Astoria is developed on GitHub and pull requests should be submitted there. If you have write access to the repository, you optionally can develop your changes on a branch within the main repository. Alternatively, please fork the Astoria repository and pull request from there.

If you are working on something that has an existing issue open on the Astoria repository, please ensure that you assign the issue to yourself such that duplication of work does not accidentally occur.

If you need help with Git, there are some good tutorial resources here:

Setting Up

You will need the following installed on your machine:

  • Python 3.8 or higher

  • python3-pip (for package management)

  • GNU Make

  • poetry

  • Optionally: Udisks2, Udiskie and DBus for astdiskd

  • Optionally: Mosquitto MQTT broker, although a public broker can also be used. A local broker is required for tests.

  • Optionally: graphviz, required for building the Sphinx documentation

Now clone the repository from GitHub into a folder on your local machine.

Inside that folder, we need to tell poetry to install the dev dependencies: poetry install

You can now enter the virtual environment using poetry shell and develop using your IDE of choice.

Testing

All code must be statically typed, linted and covered in unit tests.

Integration testing is currently performed manually.

You can run all of the required tests with one command: make.

Unit Testing

We use pytest and coverage.py to do our unit testing.

Execute the test suite: make test

If you wish to view the HTML output from coverage.py to help you find statements that are not covered by unit tests, you can run the test suite in html-cov mode.

Execute the test suite in html-cov mode: make test-cov

Linting

We use flake8 and a number of extensions to ensure that our code meets the PEP 8 standards.

Execute the linter: make lint

Static Type Checking

We use mypy to statically type check our code.
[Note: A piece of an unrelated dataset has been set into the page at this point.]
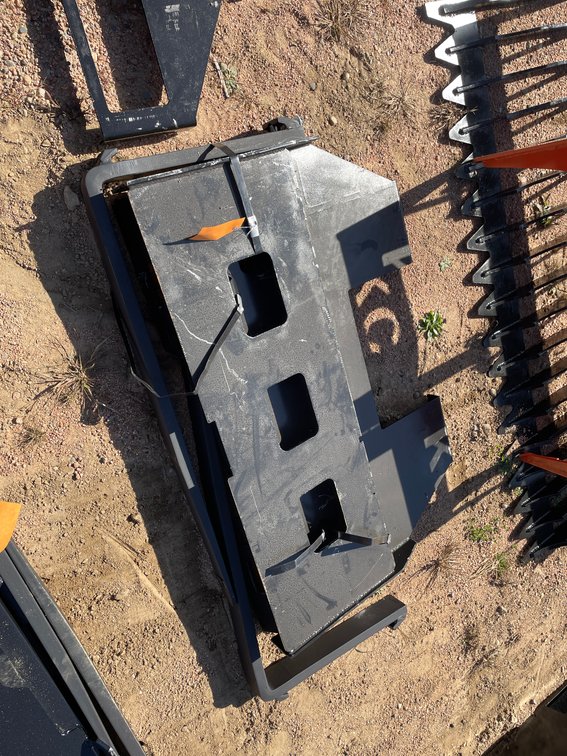 Universal Pallet Fork Attachment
Execute Type Checking: make type

Documentation

We are using Sphinx to generate documentation for the project.

All documentation can be found in the docs/ folder.

Generate HTML Documentation: make docs

Generate HTML Docs and serve locally: make docs-serve

Running in Docker

The repository includes a Dockerfile and docker-compose.yml that can be used to operate Astoria for development.

This is helpful for testing and developing applications that interface with Astoria.

Run Astoria in Docker: docker-compose -f docker-compose.yml up --build

The MQTT broker will be exposed to your host on port 1883 and 9001 (websockets).